Hello Lewis,
1. counters, for me they are a requirement to have as they are key to regular inspections
of ongoing crawls, finding errors and debugging. I hope you can find a work around.
2. sounds interesting, but i'd like to see the test run with 12M rather than 12k URLs.
A question, are the produced files with Tez compatible with MapReduce programs, map and sequence
files? It would be a tremendous advantage if existing programs can work with it. It would
be a real pain to have to rewrite all code in one go. We have seen that lead to a dead end
many times, including our 2.x-branch.
Have a nice evening!
Markus
-----Original message-----
> From:Lewis John McGibbney <lewismc@apache.org>
> Sent: Monday 21st December 2020 21:40
> To: dev@nutch.apache.org
> Subject: Re: [DISCUSS] Replacing MapReduce with Tez
>
> Hi dev@,
> Short update here. I've documented my initial observations running Nutch on Tez at https://s.apache.org/viee3
> Specific early finding are as follows
> 1. Counters don't appear to work... which makes sense as all existing counters are manifested
using the MapReduce framework. I'm not sure if Tez has a similar/equivalent concept of counters
but I am working to find out more.
> 2. So far running some basic experiments using the Injector job on around ~12k URLs,
I've observed the following
> - When 'mapreduce.framework.name' is set to 'yarn-tez' I am observing the following runtimes
> * 1st run: elapsed: 00:00:42
> * 2nd run: elapsed: 00:00:13
> * 3rd run: elapsed: 00:00:14
>
> - When 'mapreduce.framework.name' is set to 'yarn' I am observing the following runtimes
> * 1st run: elapsed: 00:00:34
> * 2nd run: elapsed: 00:00:32
> * 3rd run: elapsed: 00:00:34
>
> So after the first run, it looks like running the Injector job on Tez results in a dramatic
runtime improvement.
>
> As I mentioned in the Tez thread, I'm going to document all of this on the Nutch wiki.

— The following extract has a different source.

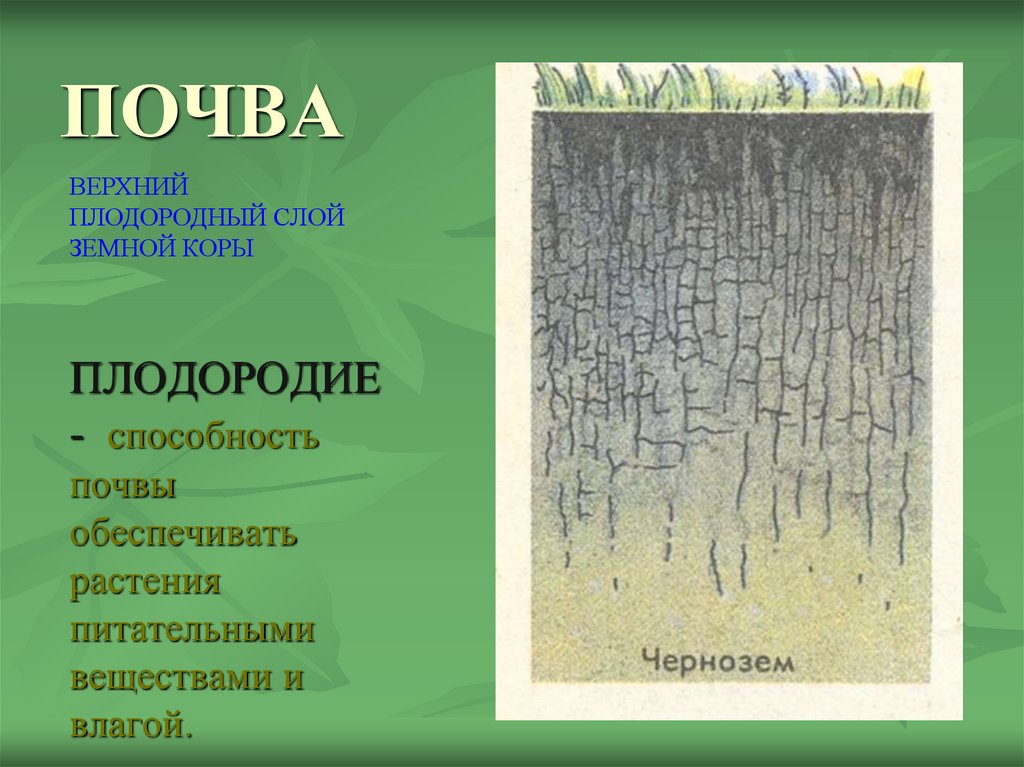 И влаги верхний слой. Верхний плодородный слой. Плодородный слой земной коры. Верхний плодородный слой почвы. Плодородие почвы это способность обеспечивать растения.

I also plan to continue my evaluation over the holidays and will report back here when I
have more information.
>
> Thanks
>
> On 2020/12/10 07:46:30, lewis john mcgibbney <lewismc@apache.org> wrote:
> > Hi dev@,
> > A while ago I had thought about bringing this topic up... I then got
> > busy... for ages. I'll therefore get straight to the point.

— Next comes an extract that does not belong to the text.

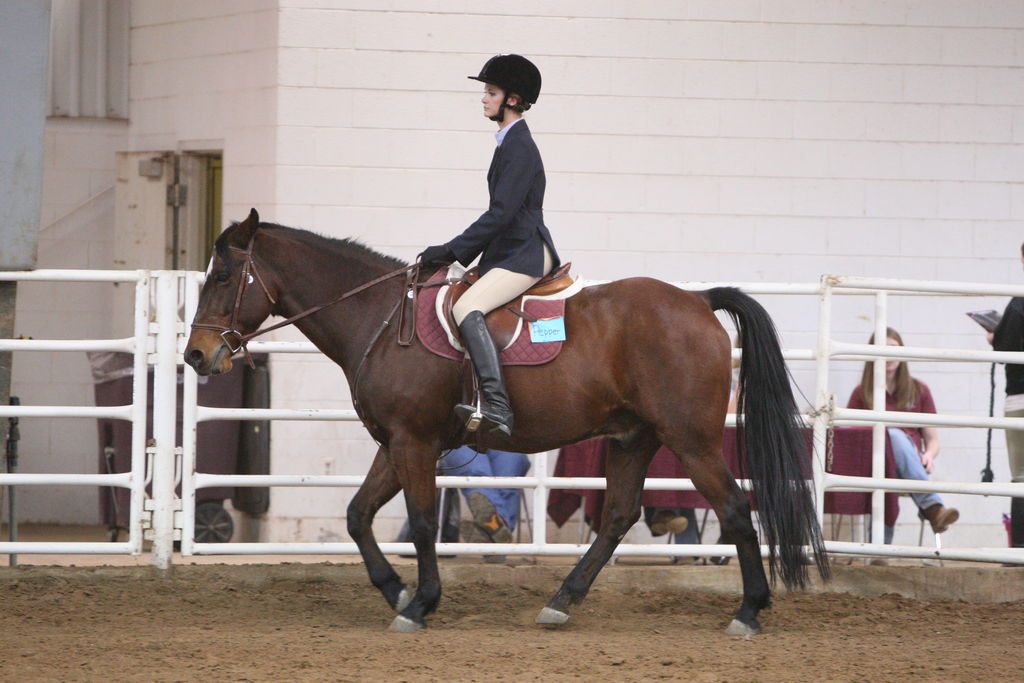 alex/wtamu_111707/JAM_7738.jpg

> > Has anyone on the dev@ team had an experience using Apache Tez -
> > tez.apache.org?
> > Tez promises multiple improvements over MapReduce. Naturally I wondered
> > whether the Nutch project is at a stage of maturity now that we would look
> > to leverage something more performant than legacy MapReduce.

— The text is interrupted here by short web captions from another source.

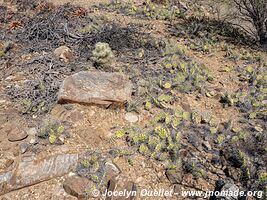 Trail from Palacio Tambo to Tarvita - Bolivia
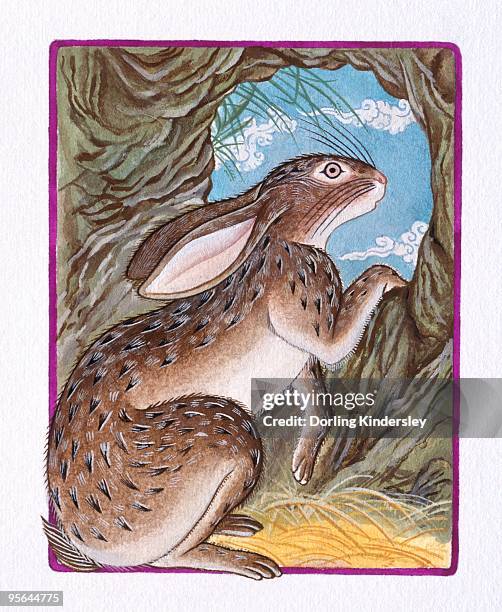 illustration of rabbit in the burrow, representing chinese year of the rabbit - year of the rabbit stock illustrations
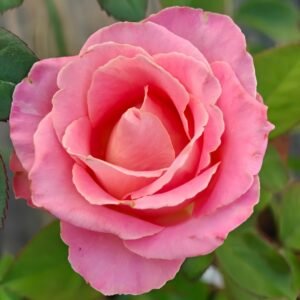 Hemosa Rose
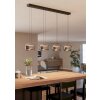 Eglo verlichting HORTUNAS Hanglamp LED Zwart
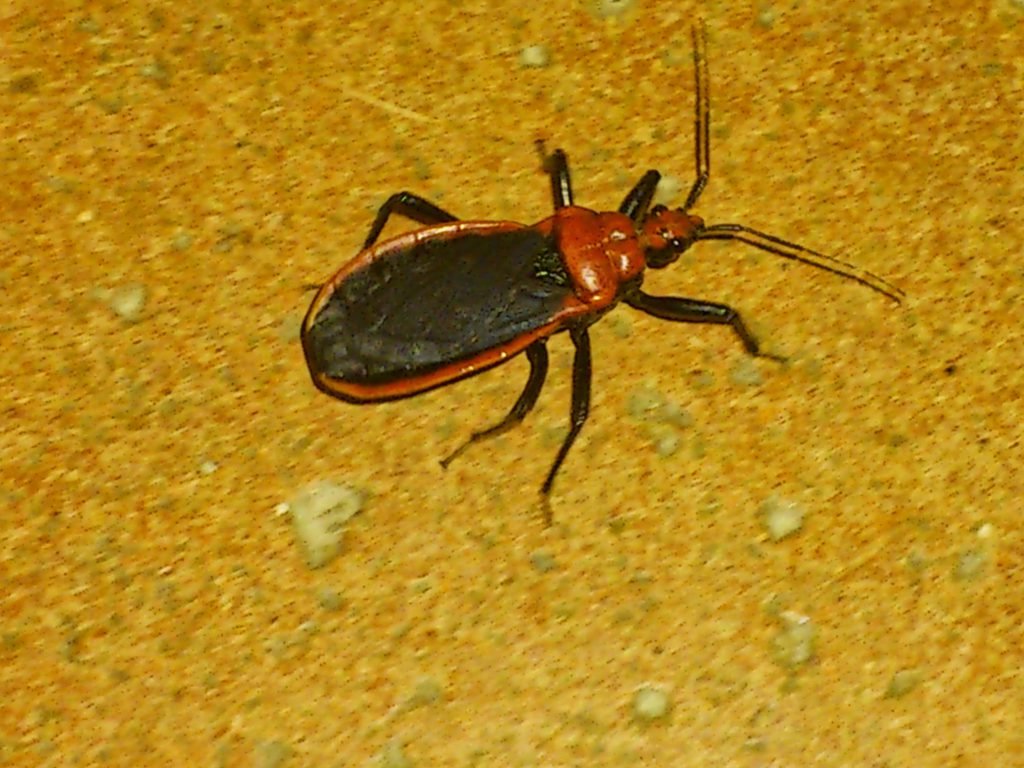 An unidentified Costa Rican insect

> > Were we to consider evolving Nutch by re-architecting it to use Tez as the
> > processing engine, this would be a significant work effort.
> > I just wanted to throw this out there for some blue-sky feedback.
> > Thanks
> > lewismc
> >
> > --
> > http://home.apache.org/~lewismc/
> > http://people.apache.org/keys/committer/lewismc
> >
>
|